Some notes on grep, the pattern matching program found on most Linux distributions.
Show partial lines on match
Grep doesn’t have an option to show leading/trailing characters before/after the match. Instead you have to prevent it returning the entire line (with the -o
flag) and use a regular expression to determine what to match.
For example, to search for “test” in thefile.txt and return the matches with all trailing characters but a space:
grep -o "test[^ ]*" thefile.txt
E.g:
me@pc ~ $ echo "This is a test file for testing grep." > thefile.txt
me@pc ~ $ grep -o "test[^ ]*" thefile.txt
test
testing
Show context
Grep can show surrounding lines with the -C[n]
flag.
Show only the match
To show only the match, not the entire line as by default, use the -o
flag.
Output 0 or 1
grep -cm1
The c
flag causes grep to output a count of matches and m1
sets the max count to 1 causing grep to exit as soon as a match is found.
E.g.
me@pc ~ $ echo foo | grep foo -cm1
1
me@pc ~ $ echo bar | grep foo -cm1
0
Recursive grep and filename wildcards
You can call grep with the -r switch to make it search recursively.

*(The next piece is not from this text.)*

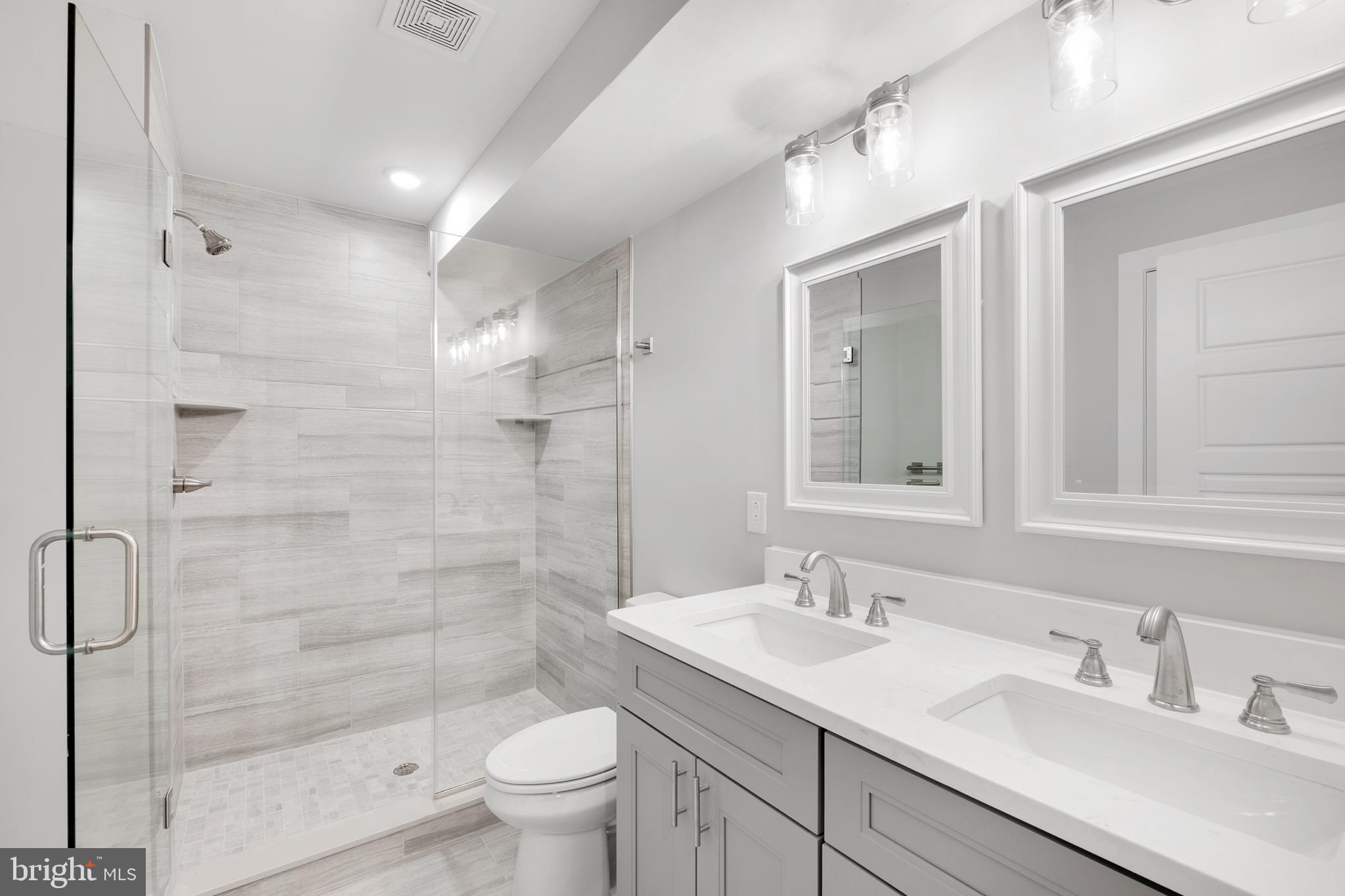 WEST KENSINGTON - Residential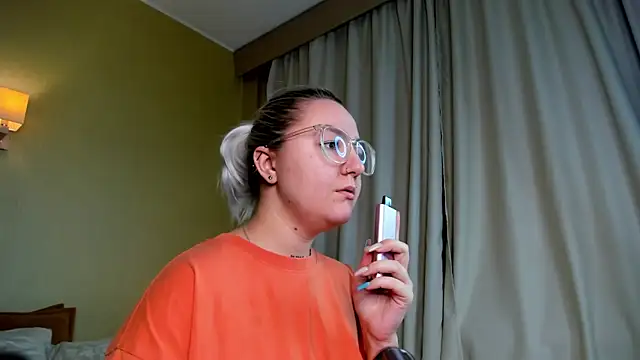 Debbie Taylor online show from December 2024 04:36:01 PM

To search all files under /dir for “blah”, run the following:
grep -r blah /dir
You can not use wildards directly in this manner, for example, the following will not search all text files:
grep -r blah *.txt
This doesn’t work because the wildcard is expanded by the shell before grep is called. Instead, search the current directory (or whichever one you want) and pass the –include option:
grep -r blah . --include "*.txt"
Grep only text files
To recursively grep all text files in the current directory:
grep foo -rI .
The -I
flag tells grep to ignore binary files.